━━ Data ━━

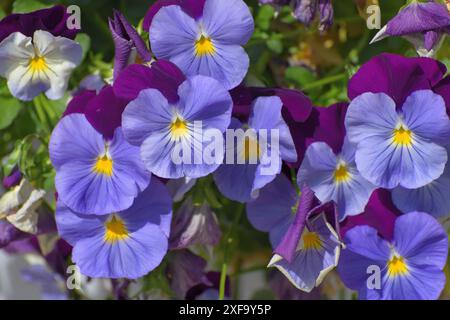 Viola Wittrockiana - oder ein Garten Stiefmütterchen - blaue und lila Blumen Stockfoto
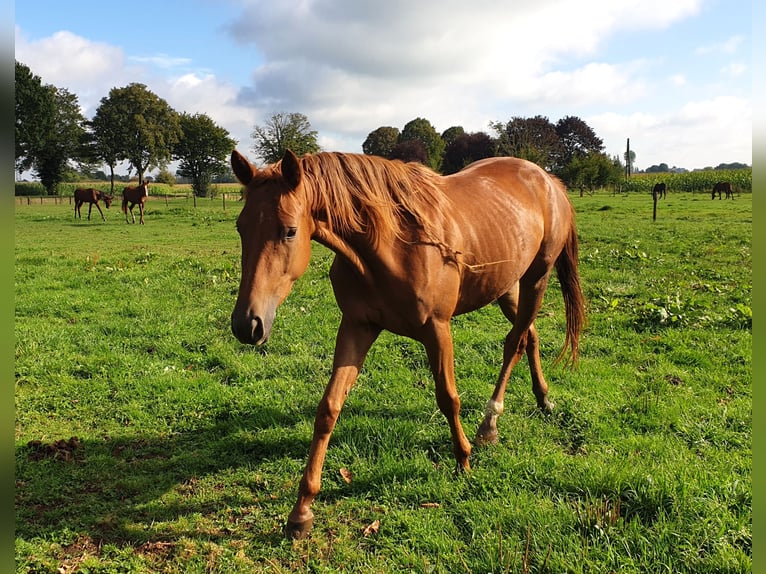 Trakehner Caballo castrado 4 años 170 cm in Kleve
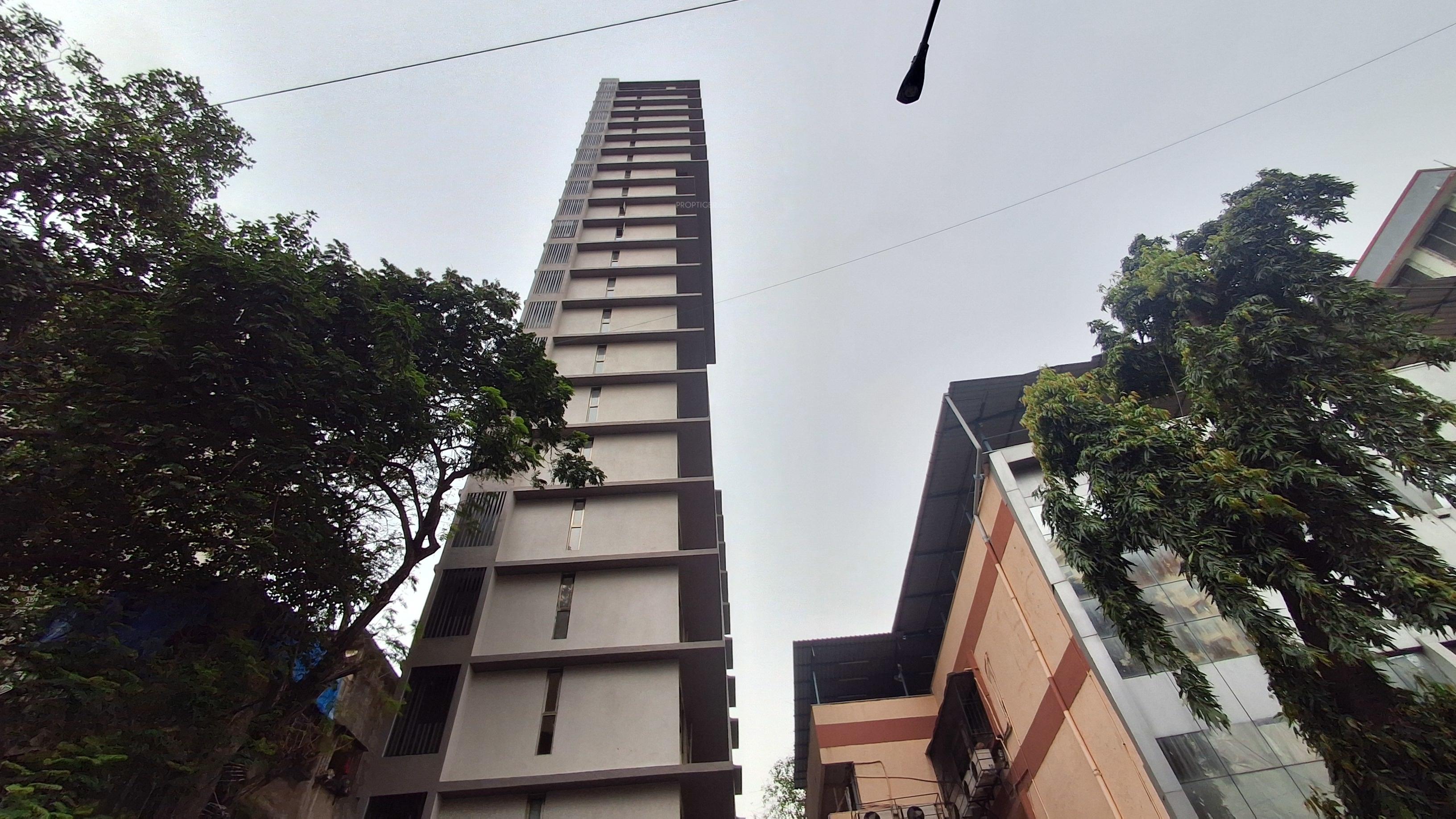  xenus-phase-1 Elevation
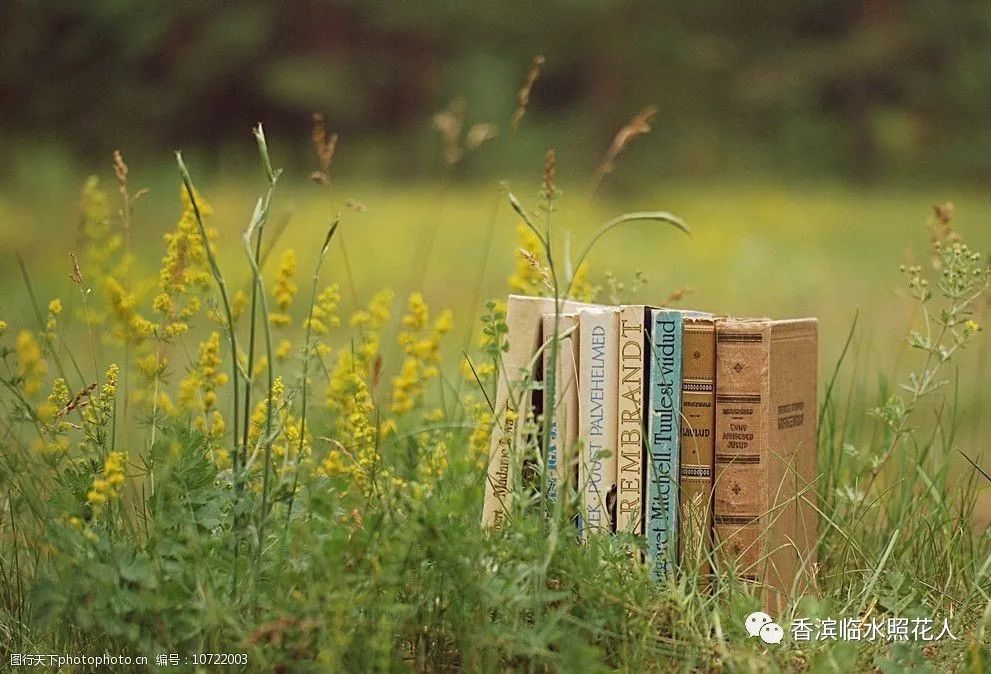 奋斗成就梦想作文好句,奋斗成就梦想读后感50字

━━━

Task item | Leave the pictures out and print the whole listing precisely.

Response to the task |
 Viola Wittrockiana - oder ein Garten Stiefmütterchen - blaue und lila Blumen Stockfoto
 Trakehner Caballo castrado 4 años 170 cm in Kleve
  xenus-phase-1 Elevation
 奋斗成就梦想作文好句,奋斗成就梦想读后感50字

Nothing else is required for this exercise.